WORK INSTRUCTION: All of the entries below should be returned verbatim, apart from the pictures.

INPUT RECORDS:
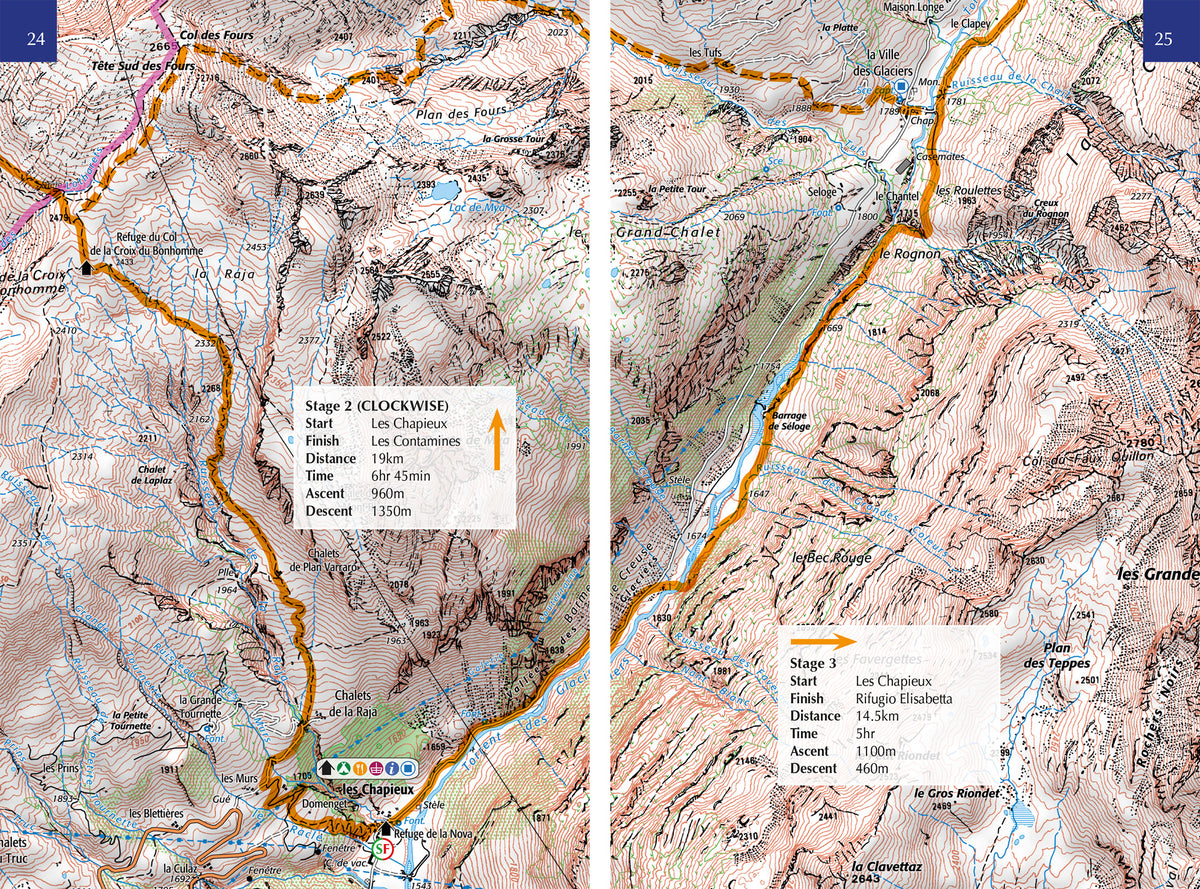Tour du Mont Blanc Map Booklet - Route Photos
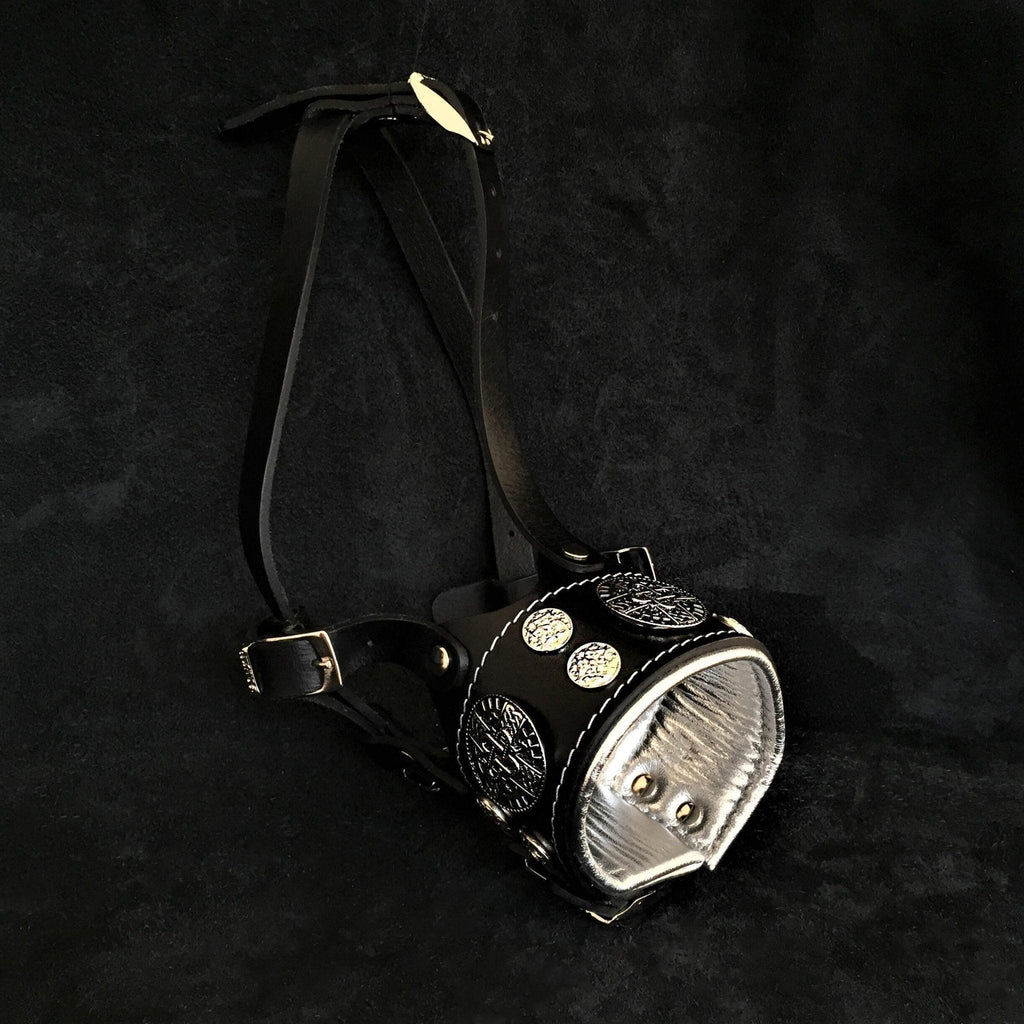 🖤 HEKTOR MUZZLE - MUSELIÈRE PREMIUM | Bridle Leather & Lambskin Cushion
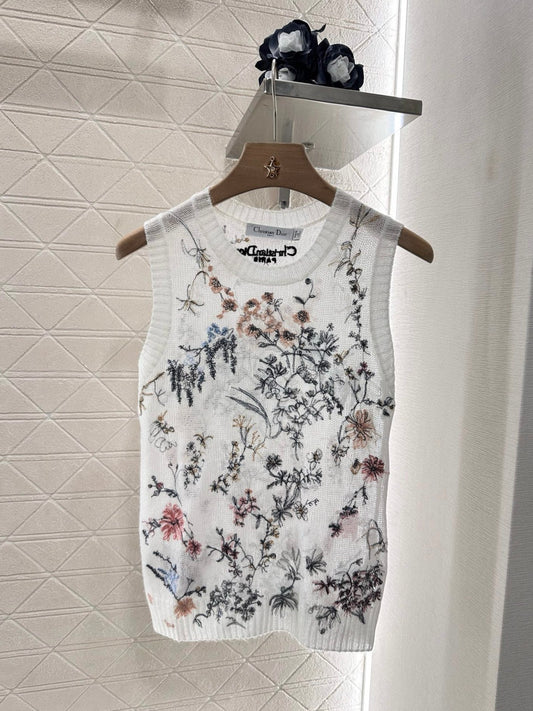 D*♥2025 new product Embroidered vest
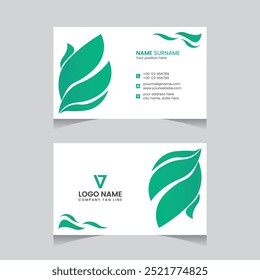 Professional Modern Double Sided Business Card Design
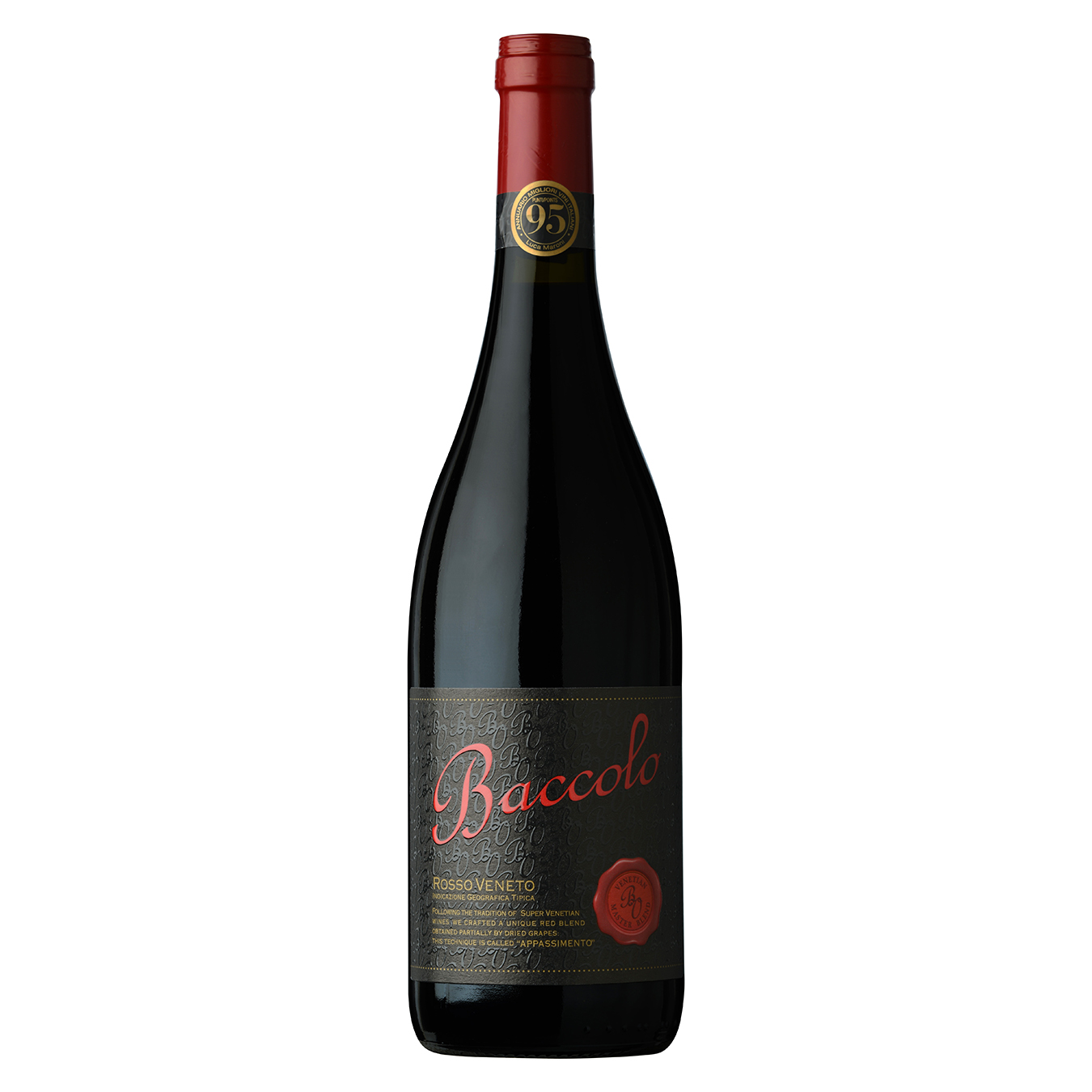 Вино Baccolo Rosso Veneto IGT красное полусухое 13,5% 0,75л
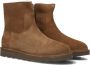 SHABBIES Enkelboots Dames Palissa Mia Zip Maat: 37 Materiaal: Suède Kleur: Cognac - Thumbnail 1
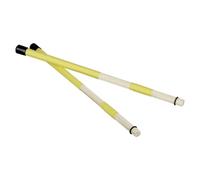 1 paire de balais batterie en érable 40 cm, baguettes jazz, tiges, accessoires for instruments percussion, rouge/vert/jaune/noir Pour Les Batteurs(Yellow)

RESPONSE:
Tour du Mont Blanc Map Booklet - Route Photos
 🖤 HEKTOR MUZZLE - MUSELIÈRE PREMIUM | Bridle Leather & Lambskin Cushion
 D*♥2025 new product Embroidered vest
 Professional Modern Double Sided Business Card Design
 Вино Baccolo Rosso Veneto IGT красное полусухое 13,5% 0,75л
 SHABBIES Enkelboots Dames Palissa Mia Zip Maat: 37 Materiaal: Suède Kleur: Cognac - Thumbnail 1
 1 paire de balais batterie en érable 40 cm, baguettes jazz, tiges, accessoires for instruments percussion, rouge/vert/jaune/noir Pour Les Batteurs(Yellow)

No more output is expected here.